7. Men must agree not to father a child during the study and one month after and to use
contraception. Barrier with spermicide or surgical contraception is acceptable.
Partner(s) contraception (e.g., female partner taking birth control pills or
surgically sterile) is acceptable.

8. Subjects must be able to swallow study drug capsules whole.

9. Sufficient English skills to complete all assessments without assistance of an English
language interpreter. Subjects with HD who cannot read or write might qualify for
enrollment in the study. Site PIs will have to decide in each case whether the Subject
can understand and fully participate with help from his/her Informant.
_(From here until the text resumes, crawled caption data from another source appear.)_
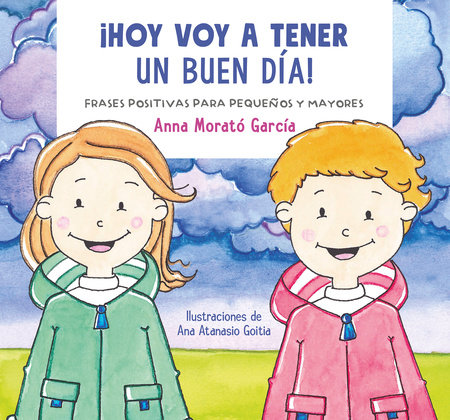 Hoy voy a tener un buen día / I Am Going to Have a Great Day Today!. Positive phrases for young and old by Ana Morató García
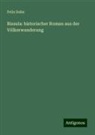 Felix Dahn - Bissula: historischer Roman aus der Völkerwanderung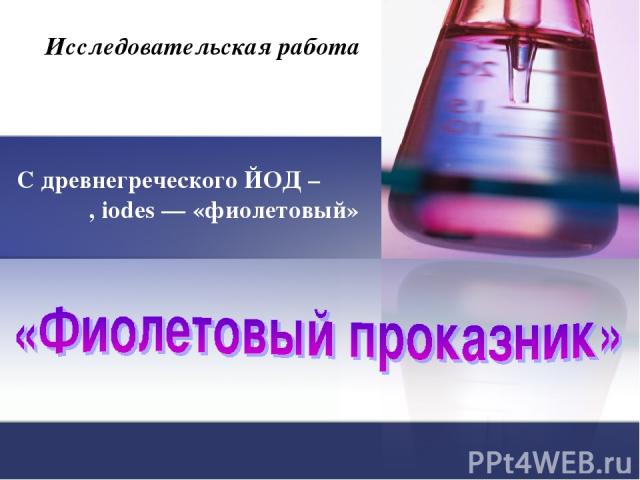 Исследовательская работа С древнегреческого ЙОД – ιώδης, iodes — «фиолетовый»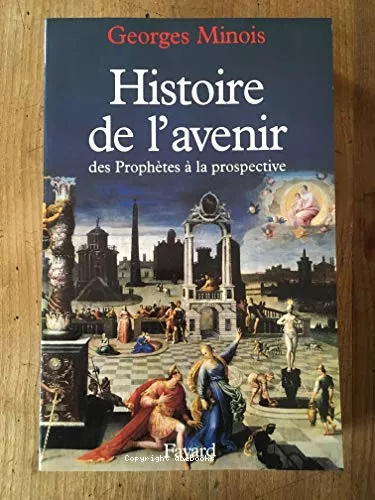 Histoire de l'avenir : des Prophtes  la prospective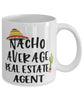 Funny Real Estate Agent Mug Nacho Average Real Estate Agent Coffee Mug 11oz White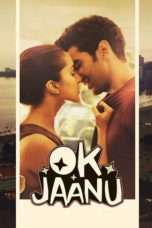 Nonton Streaming Download Drama Ok Jaanu (2017) Subtitle Indonesia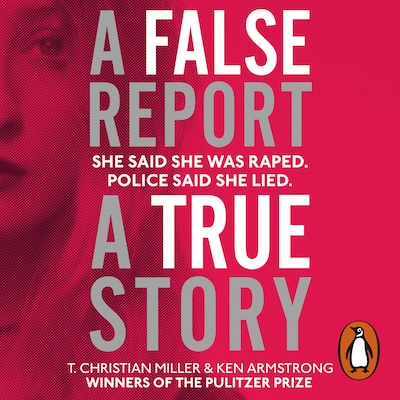 A False Report – omslag til lydbogen af T. Christian Miller, Ken Armstrong
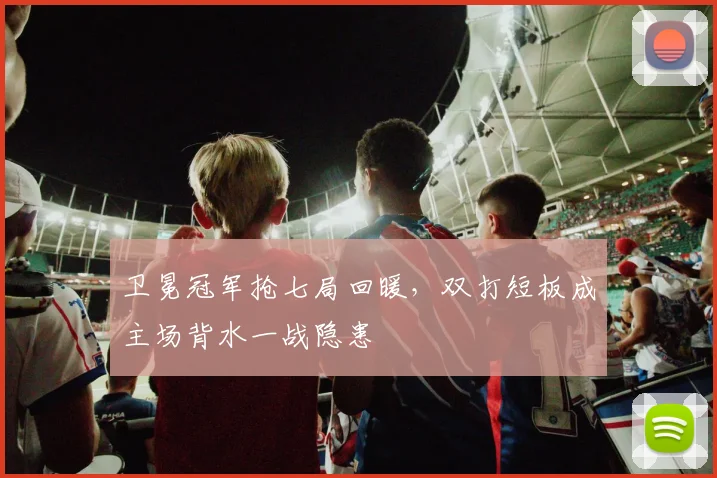 卫冕冠军抢七局回暖，双打短板成主场背水一战隐患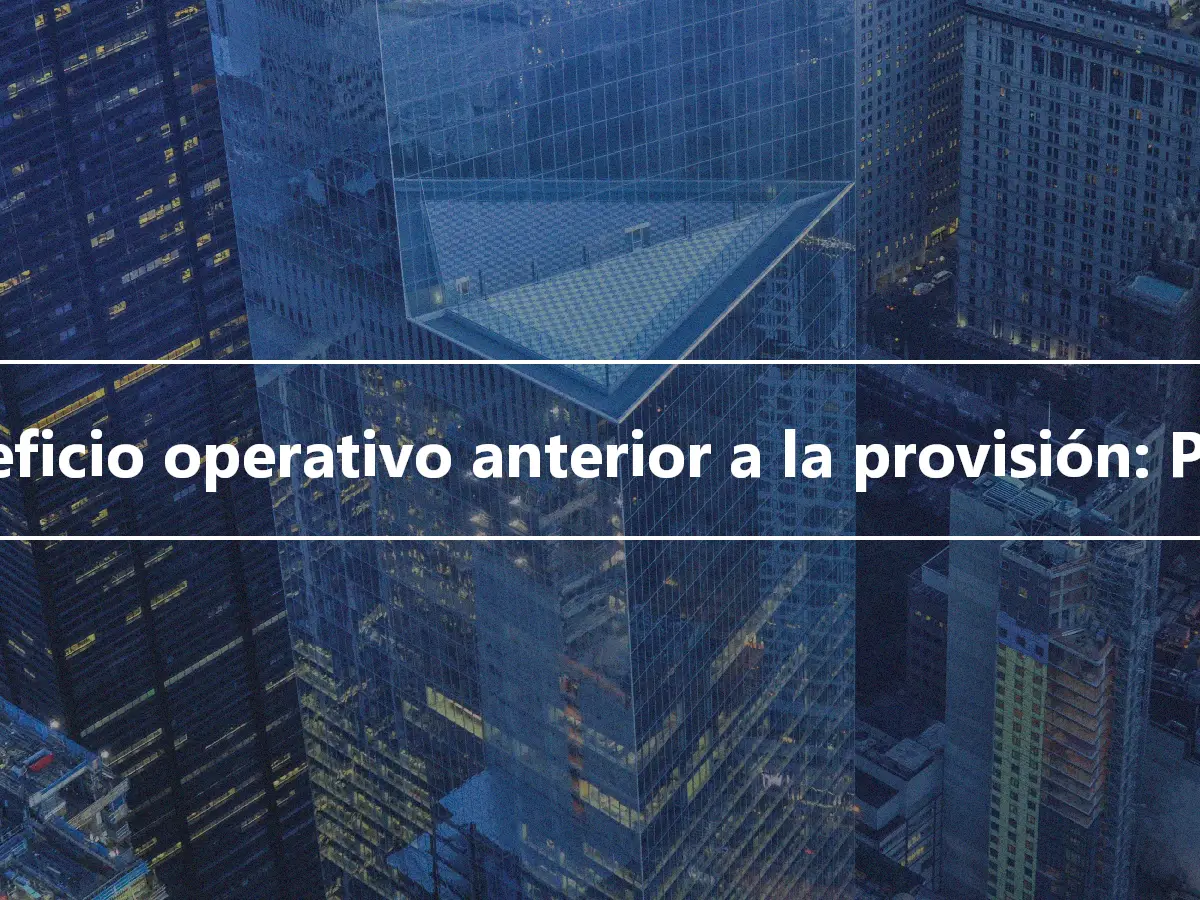 Beneficio operativo anterior a la provisión: PPOP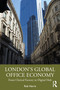 London's Global Office Economy (From Clerical Factory to Digital Hub) by Rob Harris, 9780367646721
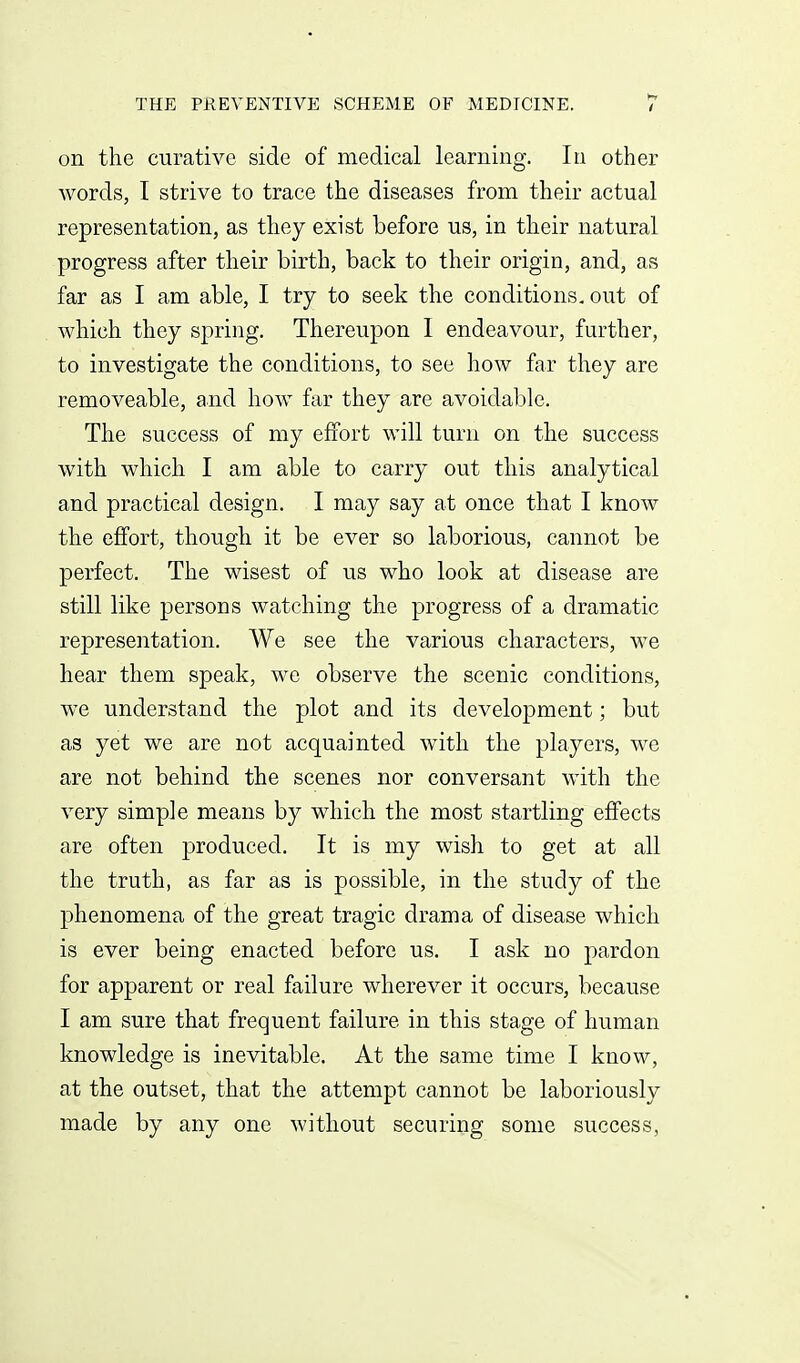 on the curative side of medical learning. In other words, I strive to trace the diseases from their actual representation, as they exist before us, in their natural progress after their birth, back to their origin, and, as far as I am able, I try to seek the conditions, out of which they spring. Thereupon I endeavour, further, to investigate the conditions, to see how far they are removeable, and how far they are avoidable. The success of my effort will turn on the success with which I am able to carry out this analytical and practical design. I may say at once that I know the effort, though it be ever so laborious, cannot be perfect. The wisest of us who look at disease are still like persons watching the progress of a dramatic representation. We see the various characters, we hear them speak, we observe the scenic conditions, we understand the plot and its development; but as yet we are not acquainted with the players, we are not behind the scenes nor conversant with the very simple means by which the most startling effects are often produced. It is my wish to get at all the truth, as far as is possible, in the study of the phenomena of the great tragic drama of disease which is ever being enacted before us. I ask no pardon for apparent or real failure wherever it occurs, because I am sure that frequent failure in this stage of human knowledge is inevitable. At the same time I know, at the outset, that the attempt cannot be laboriously made by any one without securing some success,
10. Availability of a responsible Informant (referred to as a "study partner" in the
consent document) who has good English skills, is familiar with the Subject, and is
able and willing to comply with all required study procedures, ensuring that the
patient attends all study visits and takes the study medicine as instructed. The study
partner must spend time with the patient a minimum of 4 times per week on 4 separate
days, and must monitor the patient's compliance and adverse events, participate in
caregiver assessments, and use the eDiary.

11. Subject has provided written, informed consent or, if Subject lacks the capacity to
provide informed consent (as determined by an independent assessment by a qualified
healthcare provider not directly involved in other study activities), a legally
authorized representative (LAR) has provided written informed consent and the Subject
has provided assent.

Exclusion Criteria:

1. Any significant neurologic disease other than HD at Screening.

2. Severe psychotic features or other severe psychiatric symptoms within the last three
months which could lead to difficulty complying with the protocol.

3. History of active alcohol or substance abuse within the past two years or Subject is
unable to refrain from substance abuse throughout the study.

4. Any chronic disability, significant systemic illness or unstable medical condition at
Screening or Baseline that could lead to difficulty complying with the protocol.

5. Use of any investigational drugs within 30 days of Screening.

6. Subject has known allergy to any of the components of study medication.

7. Subject is currently pregnant, breast-feeding and/or lactating.

8. Subject acknowledges present use of illicit drugs at Screening.